A resposta pode ser intrigante, mas é conhecida, e muito simples: a colaboração.

Basicamente, existem duas emoções pré-verbais que tornam possíveis as interações humanas – a rejeição e o amor. A rejeição constitui o espaço de condutas que negam o outro como legítimo outro na convivência e que culmina com a separação. O amor constitui o domínio de condutas em que se dá a aceitação do outro como legítimo outro na convivência. Sem essa aceitação, não teria sido possível nossa evolução como seres humanos. A colaboração é uma das formas de expressão do amor e um dos princípios constitutivos de nossa espécie. E, desse modo, pode ser aprendida e desenvolvida.

Quanto mais nós, seres humanos, entendermos o papel das emoções em nosso viver, mais entenderemos os comportamentos e a capacidade adaptativa de transformação contínua. Com as organizações, não é diferente: elas são sistemas orgânicos e, portanto, regidas pelas mesmas leis de qualquer sistema vivo, e, como tais, buscam continuamente a conservação de seu bem-estar – mecanismo que, no caso dos mamíferos, é fortemente influenciado pelas emoções.

Neste artigo, vamos nos concentrar em nossas investigações empíricas no universo organizacional brasileiro – tudo aquilo que, como consultores, temos aplicado e aprendido com nossos clientes, que são empresas de diferentes tamanhos, segmentos e modelos de gestão. Com esses clientes, temos confirmado que há uma matriz comum que favorece – ou dificulta – a colaboração, presente em toda parte. São as emoções: as mesmas emoções pré-verbais de que falamos, seja o amor, seja a rejeição. 
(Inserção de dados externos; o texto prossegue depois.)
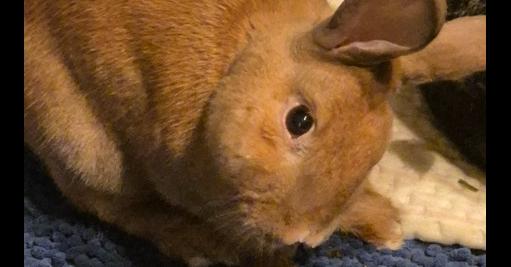 Woody (Bonded to Orchid), Adoptable, Adult Male Bunny Rabbit.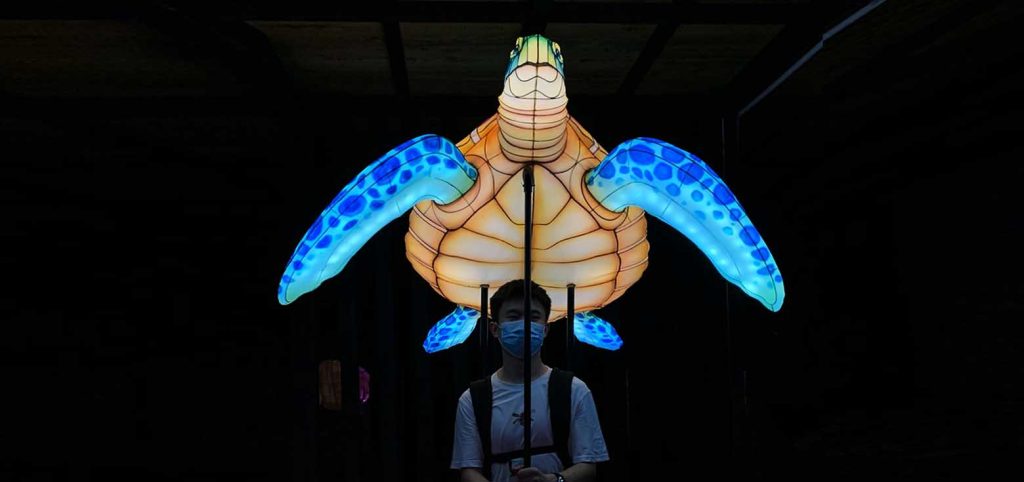 BLOG 7 Single-person wearable parade lantern shaped like a sea turtle.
O que é preciso acontecer para haver colaboração numa organização? As pessoas devem ser convidadas a conviver umas com as outras. Você pode obrigar uma pessoa a trabalhar uma determinada quantidade de horas por dia, mas não consegue obrigar ninguém a conviver a ponto de colaborar com outra pessoa – essa tem de ser uma escolha individual. Então, é importante que as pessoas entendam o convite para colaborar e escolham fazê-lo.

Também é necessário que percebam por si os ganhos (evolutivos) em colaborar, como os hominídeos fizeram na Pré-História. Se elas não veem sentido em colaborar porque já estão satisfeitas com os resultados que vêm obtendo sozinhas, nenhum trabalho colaborativo dará certo. 

Na busca do trabalho colaborativo, tem-se falado muito em mudar o “mindset”, isto é, as crenças e valores que definem a forma como agimos e tomamos decisões. Por exemplo, derrubar os tabus tem a ver com isso. É algo bem-vindo, claro, porém de igual importância é mudar o “heartset”, ou seja, as emoções que estão por trás dessas crenças e valores. Aí, sim, a colaboração deixará de ser tratada como mera ferramenta, condição com baixa atratividade e efetividade. 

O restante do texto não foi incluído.